We believe that this will not end until after next summer. Even with a vaccine it will keep going into 2015. Those countries affected: Liberia, Sierra Leone and Guinea, have such a high density of cases that it will be really difficult to control.
Medical services in Sierra Leone, Guinea and Liberia were totally ruined before Ebola struck. It’s a condition of poverty and the health system.
There is no cure for Ebola, but if you keep people hydrated and give them antibiotics to fight some of the symptoms you are at least giving them the best possible chance of overcoming it themselves.
Another effect of poverty is that some people just give up. They simply don’t believe that anything can be done to help them. In this way, perhaps more people die of the disease and perhaps spread it, where people who believe something can be done would not.
MSF has more than 500 expats working on this crisis, and 3,000 local staff. They can only work in two-month stretches because it’s so stressful right now. 13 people working for us have so far died. It’s really tragic. Those people have given their lives for what they believe in.

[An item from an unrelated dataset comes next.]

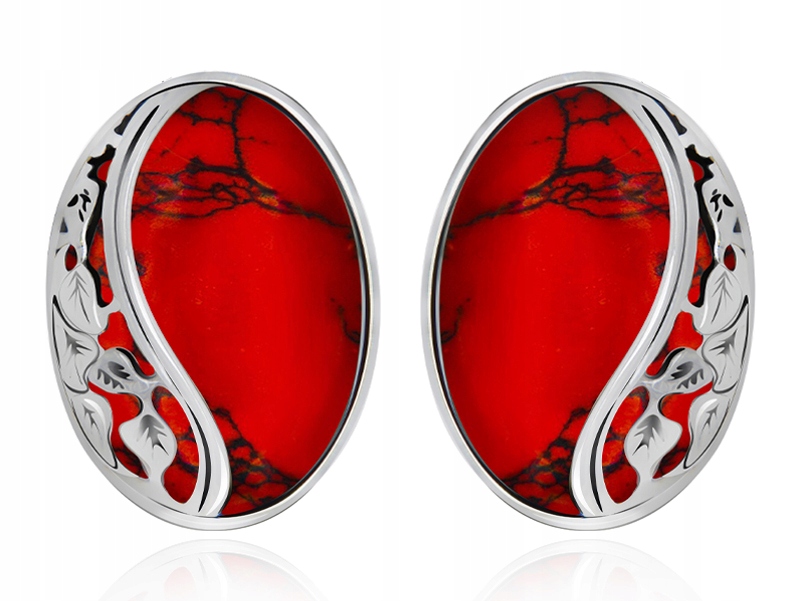 

Srebrne Klipsy Z Koralami I Listkami Pr925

It’s an heroic thing.
Eight things engineers can do to help:
- Develop a spray-on coating to protect the interior of vehicles that can be easily cleaned
- Devise an alternative approach to personal protection that doesn’t require suits to be burned after one use, and is more comfortable to wear.

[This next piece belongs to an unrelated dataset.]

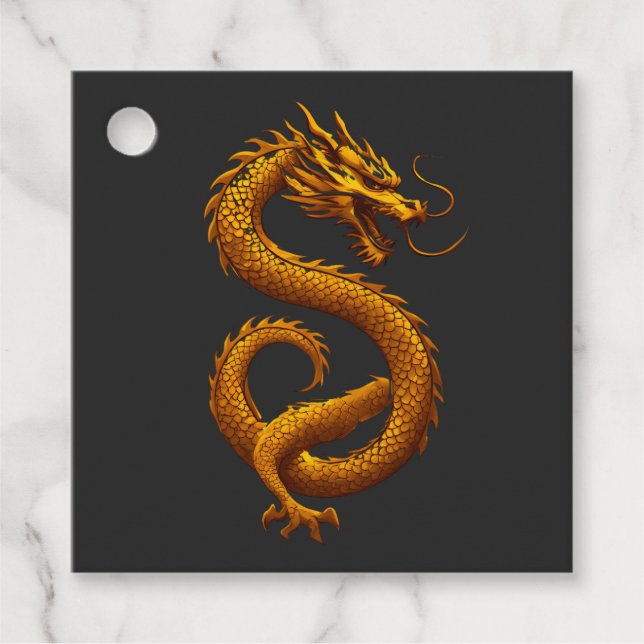 Golden Dragon Geschenkanhänger (Vorderseite)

- Suggest a more suitable spray that could be used to sanitise hospital buildings
- Suggest a method of safely disposing of Ebola-infected bodies in a culturally sensitive wa
- Come up with a way to treat the waste of people who have Ebola so that it doesn’t pose an immediate threat to anyone who comes into contact with it
- Examine how mobile technology and big data could be used to track outbreaks and isolate cases
- Offer your services to one of the many aid agencies battling the latest outbreak
- Donate some money
Paul Jawor - Head of Technical logistics for, Medecins Sans Frontiers (MSF), Spain
Paul is a member of international disaster relief charity RedR UK, which is providing training, information, and skilled engineers to combat the spread of Ebola.

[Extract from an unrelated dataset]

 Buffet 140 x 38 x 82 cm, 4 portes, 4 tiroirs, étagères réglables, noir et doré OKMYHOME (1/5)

A civil engineer with experience in relief, development and commercial work, he is leading Medecins Sans Frontières (MSF) Spain Technical task force for Ebola. He deals with technical questions on challenges including infection control, transport, construction, what can you build an ebola camp from, and how to transfer patients without specialist vehicles.
He is currently in Mali building capacity to respond to the most recent Ebola outbreak.